上映

✂︎───✂︎

 ──高級感のある赤いロビーが、僕達を記憶の中にいると教えてくれた。こんな素敵な場所が現実にもあるのかと思うと、見つけてみたいなと感じる。映画を見た事はないけど、行ってみたいなって気持ちはわかる。


「僕、映画見た事ないんだよね。何かやってたりしてないかな?」

「折角だし見に行ってみようぜ」

「うん」


 壁掛けポスターを眺めて歩くと、入り口の横に数字が書かれた場所に着く。

 きっとここが入り口だろう。どこか開かないかな、と重い扉を引いても押しても動かない。どうにか上手く開いてくれないかなと悩んでいると、床と扉の隙間から二枚のチケットが滑り込んできた。


「七番シアターだって! どこかな……」

「嬉しそうなんだぜ。俺はポスターの方見てても良いか?」

「良いけど、ジャギーはポスター見るの好きなの?」


 そうなんだぜ! と意気揚々に言うと、少し早口で目を輝かせて続く。このポスターに写っている人が一体どんな人なのか予想して、物語が進んで、どんな結末に行き着くのか。想像が広がりやすいのがポスターなのだと言う。

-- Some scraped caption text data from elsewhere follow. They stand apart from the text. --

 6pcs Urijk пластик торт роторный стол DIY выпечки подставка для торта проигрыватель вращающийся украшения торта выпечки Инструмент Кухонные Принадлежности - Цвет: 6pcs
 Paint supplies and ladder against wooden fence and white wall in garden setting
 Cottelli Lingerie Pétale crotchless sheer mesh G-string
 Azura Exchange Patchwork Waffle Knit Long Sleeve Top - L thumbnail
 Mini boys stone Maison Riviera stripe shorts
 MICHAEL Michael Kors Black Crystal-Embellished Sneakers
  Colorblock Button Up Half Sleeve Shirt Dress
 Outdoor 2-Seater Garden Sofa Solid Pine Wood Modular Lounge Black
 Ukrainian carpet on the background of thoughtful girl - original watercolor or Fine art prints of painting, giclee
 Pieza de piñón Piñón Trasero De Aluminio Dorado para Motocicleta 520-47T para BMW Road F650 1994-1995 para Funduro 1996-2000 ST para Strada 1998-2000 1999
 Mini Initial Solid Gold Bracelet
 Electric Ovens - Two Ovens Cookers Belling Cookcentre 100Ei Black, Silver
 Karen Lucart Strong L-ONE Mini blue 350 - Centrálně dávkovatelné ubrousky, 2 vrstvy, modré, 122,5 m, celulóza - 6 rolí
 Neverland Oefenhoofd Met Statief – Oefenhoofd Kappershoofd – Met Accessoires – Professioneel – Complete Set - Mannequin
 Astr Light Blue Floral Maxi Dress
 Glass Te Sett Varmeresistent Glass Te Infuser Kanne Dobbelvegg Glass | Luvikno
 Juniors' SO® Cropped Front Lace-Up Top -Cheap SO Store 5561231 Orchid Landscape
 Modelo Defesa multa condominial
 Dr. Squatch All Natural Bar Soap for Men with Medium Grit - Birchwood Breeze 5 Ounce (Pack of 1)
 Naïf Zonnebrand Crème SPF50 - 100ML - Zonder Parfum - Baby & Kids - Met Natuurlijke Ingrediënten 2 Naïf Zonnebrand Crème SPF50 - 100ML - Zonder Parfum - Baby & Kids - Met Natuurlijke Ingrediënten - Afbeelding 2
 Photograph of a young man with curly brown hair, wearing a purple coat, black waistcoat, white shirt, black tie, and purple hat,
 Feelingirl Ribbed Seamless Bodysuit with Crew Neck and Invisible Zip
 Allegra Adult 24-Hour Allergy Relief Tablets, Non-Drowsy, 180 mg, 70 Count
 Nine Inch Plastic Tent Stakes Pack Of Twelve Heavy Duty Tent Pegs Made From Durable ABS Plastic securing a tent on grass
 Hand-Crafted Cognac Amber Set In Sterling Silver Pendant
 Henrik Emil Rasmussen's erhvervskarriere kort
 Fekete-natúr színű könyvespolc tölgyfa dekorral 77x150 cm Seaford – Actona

 言われてみると面白そうだ。妄想癖がちょっとでも有る僕でも思いつかなかった。


「でも、長居したら不味いんだって言ってたから着いてくんだぜ」

「シアターの中にファクトニュースがあるかもしれないしね」


■■■


 照明が切られた暗いシアター。そろそろ上映しそう。

 赤いシートが格好いい。それで……誰かが顔を隠して座っている。


「声、掛けてみるね」

「頼むんだぜ」

「……何かありましたか?」

「…………。」

「あの」


 感じた事のある匂い。しかもこの人、身長が高い。家族に近い匂いがする。反応してくれないけど、僕に関心はあったらしくて顔を上げてくれた。


「助けて」

「……!!」


 見覚えがある。小さい頃一回しか会った事ないけど、僕の家族で違いない。でもなんでこんな所で……と考えていると、一枚のメモを落として消えていた。現実でこの場所を探してみようかな。

 ──いよいよ上映だ。一体どんな内容なのか、僕と彼は席に座って見ていた。


「あれ?」


✂︎───✂︎


 探偵事務所にいち早く戻れたのだろうか、一階のソファーで起き上がる。でも、本能が全く違うと語っている。ノーツが居ないのがその証拠だ。何が起きているんだ?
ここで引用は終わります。